### DATA FOR THIS EXERCISE ###

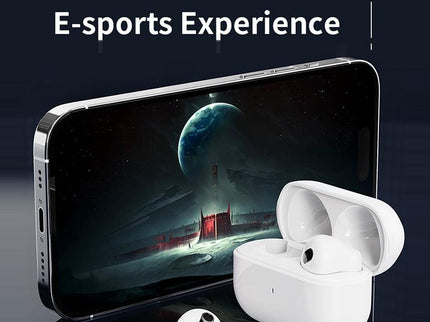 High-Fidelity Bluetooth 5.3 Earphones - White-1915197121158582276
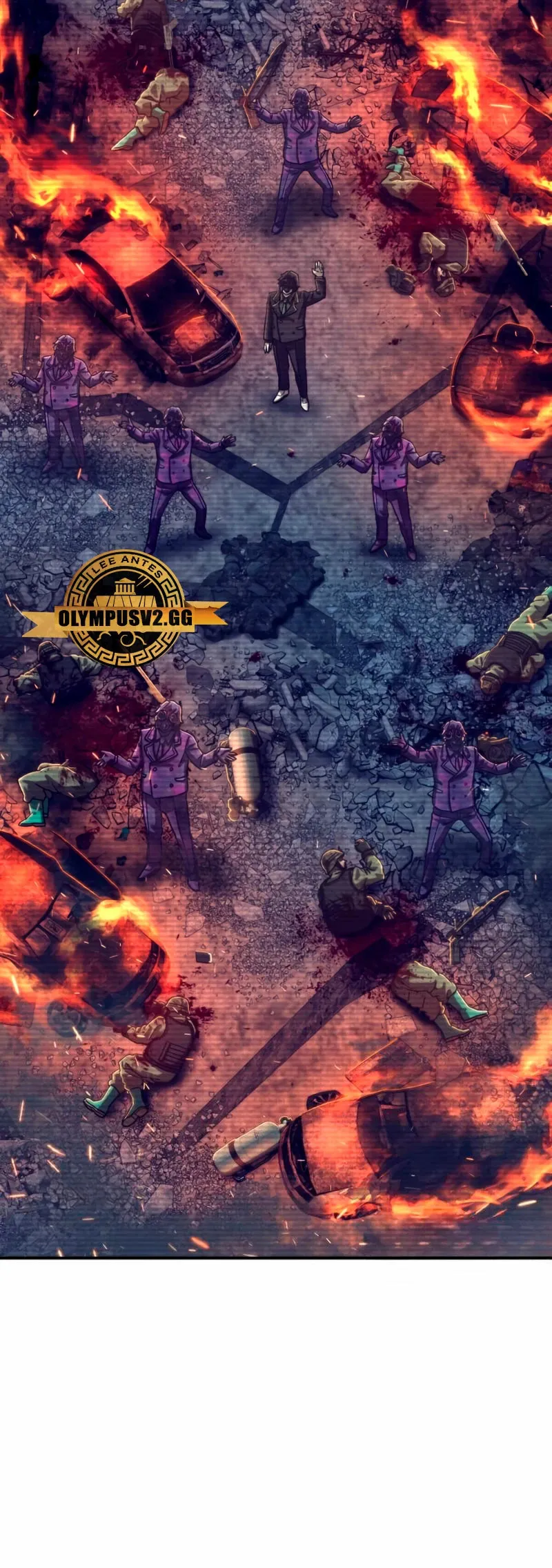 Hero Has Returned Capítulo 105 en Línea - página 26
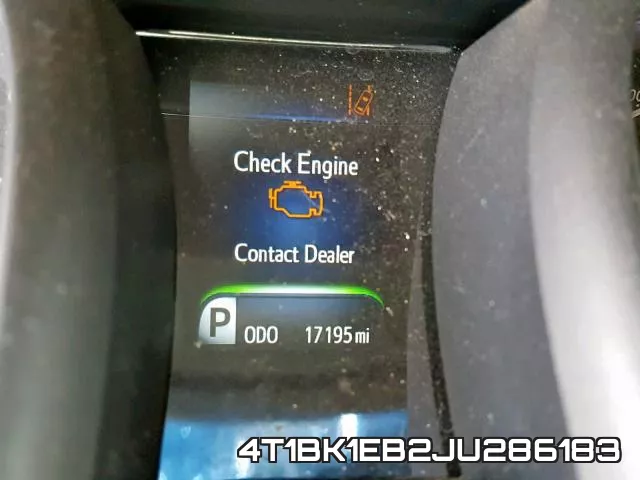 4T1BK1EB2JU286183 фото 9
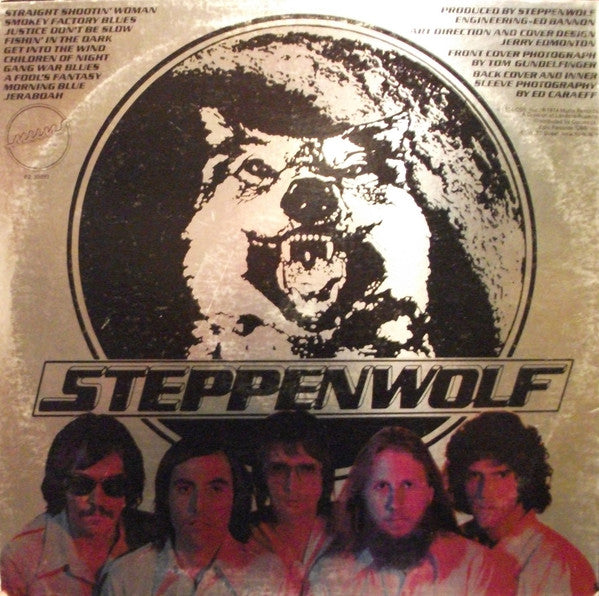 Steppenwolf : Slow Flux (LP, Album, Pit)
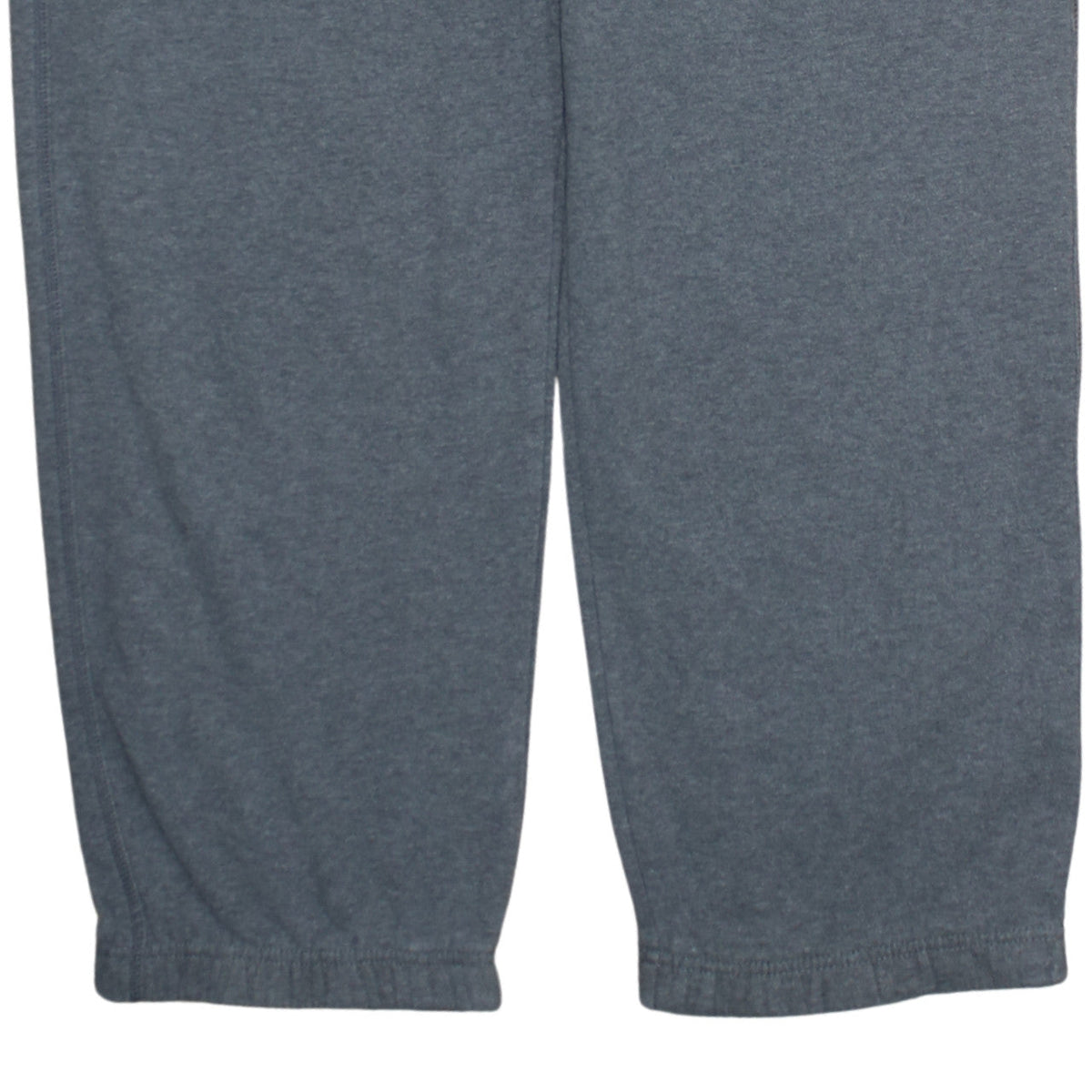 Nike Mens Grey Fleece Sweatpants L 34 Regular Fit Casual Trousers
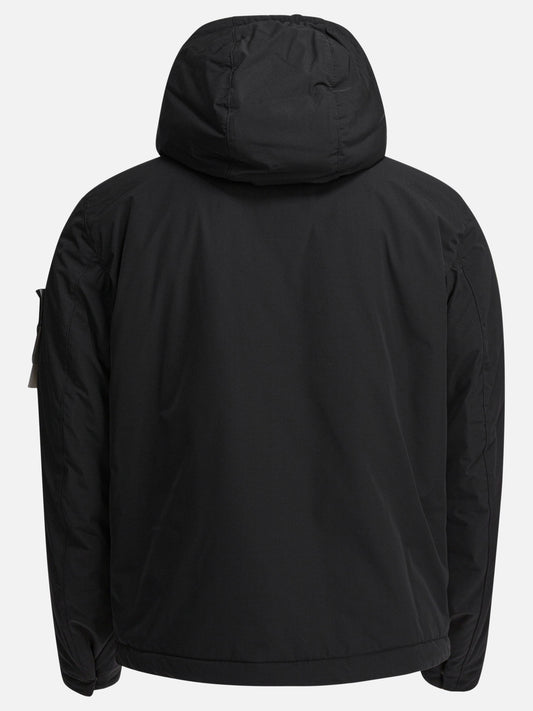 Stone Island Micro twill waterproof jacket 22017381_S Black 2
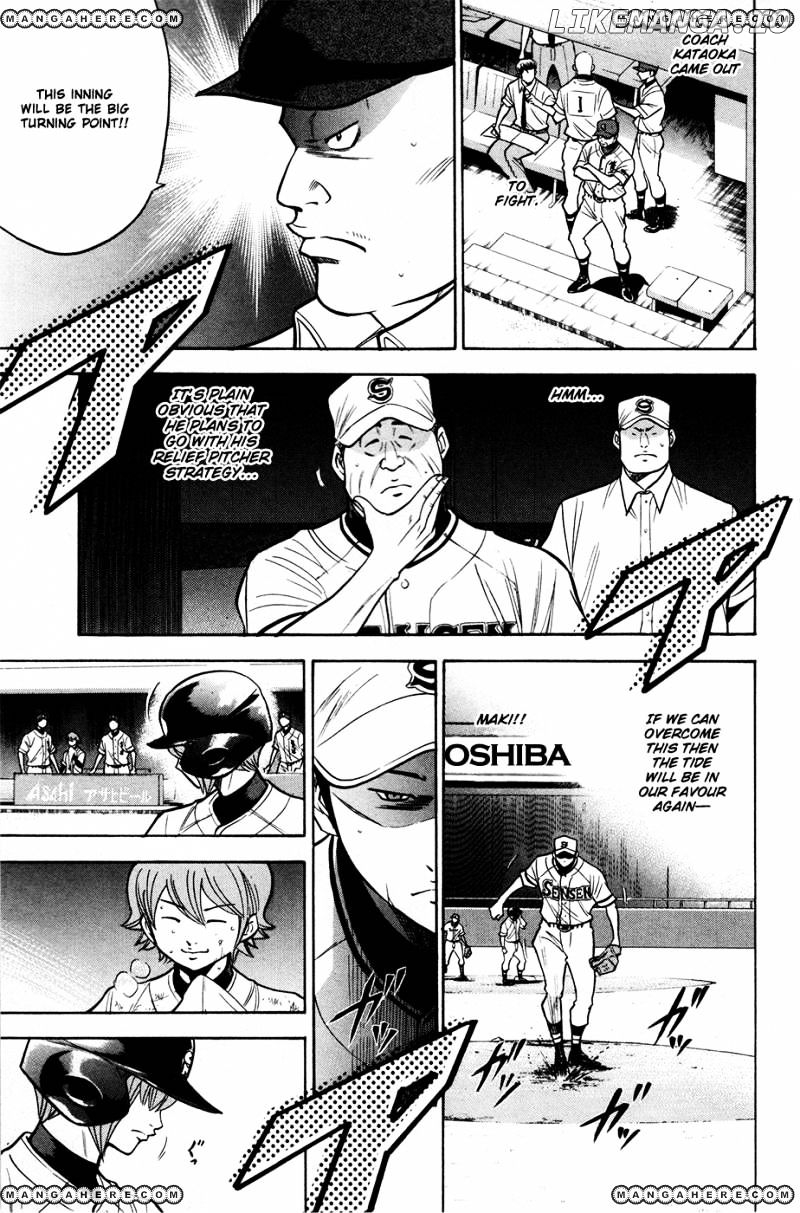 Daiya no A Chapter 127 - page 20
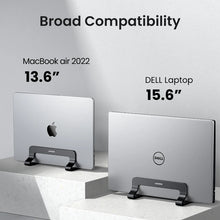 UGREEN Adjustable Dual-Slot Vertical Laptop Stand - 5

###

→ GOAL OF THE EXERCISE:
Please set down exactly the lines from the one holding "Nike Mens Grey" through the last line of the entries, both ends included, and skip pictures.

→ RESPONSE TO THIS EXERCISE:
 Nike Mens Grey Fleece Sweatpants L 34 Regular Fit Casual Trousers
 Stone Island Micro twill waterproof jacket 22017381_S Black 2
 Daiya no A Chapter 127 - page 20
 UGREEN Adjustable Dual-Slot Vertical Laptop Stand - 5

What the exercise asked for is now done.